Our company owns a Cisco 2821 router. Doing an nmap scan on the router shows 2 open ports, TCP port 5060 and 1720. Can I stop the services listening on those ports? Any advice is appreciated.
Port 1720 is used for gatekeeper communication using the RAS protocol. Port 5060 is used by SIP. Sounds like you're running voice on your network. If so, these ports could be open for a reason. You may want to investigate the reason before closing the ports. Are the ports open to/from specific hosts? Feel free to post your config if you need further help.
Hope this helps.
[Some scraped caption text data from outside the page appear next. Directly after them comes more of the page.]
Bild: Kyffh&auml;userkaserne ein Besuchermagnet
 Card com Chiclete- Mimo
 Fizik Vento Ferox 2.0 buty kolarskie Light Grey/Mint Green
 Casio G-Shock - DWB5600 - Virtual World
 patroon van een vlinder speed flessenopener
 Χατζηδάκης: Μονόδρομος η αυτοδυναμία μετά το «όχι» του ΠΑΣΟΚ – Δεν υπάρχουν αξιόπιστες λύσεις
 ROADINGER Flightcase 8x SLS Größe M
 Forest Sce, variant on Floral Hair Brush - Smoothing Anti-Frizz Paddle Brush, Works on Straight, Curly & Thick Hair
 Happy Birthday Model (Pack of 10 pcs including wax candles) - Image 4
If so, please rate the post.
Port 1720 (tcp) has little to do with gatekeepers and definitely is NOT for RAS communication.
Port 1720 is for direct Q.931 call signalling.
Stopping the voice ports could be done by this:
voice service voip
You can disable the router listening on port 5060 by issuing this command:
router(config-sip-ua)#no transport tcp
router(config-sip-ua)#no transport udp
For port 1720, you must configure an Access Control List (ACL), as shown:
Router(config)#access-list 107 deny tcp any any eq 1720
Router(config-if)#ip access-group 107 in
The reason the router listens on port 1720 is likely that you are using an IP PLUS feature set Cisco IOS image.
IP PLUS supports VoIP. It always has a default VoIP dial-peer (dial-peer 0). This listens on port 1720 for H.323 signaling. This behavior cannot be changed since the H.323 stack always runs with this feature set. If you do not want to use an ACL to control this behavior, you can use a feature set that does not support VoIP, such as an IP feature set.
To disable SIP, you need to upgrade to 12.3(8)T or later.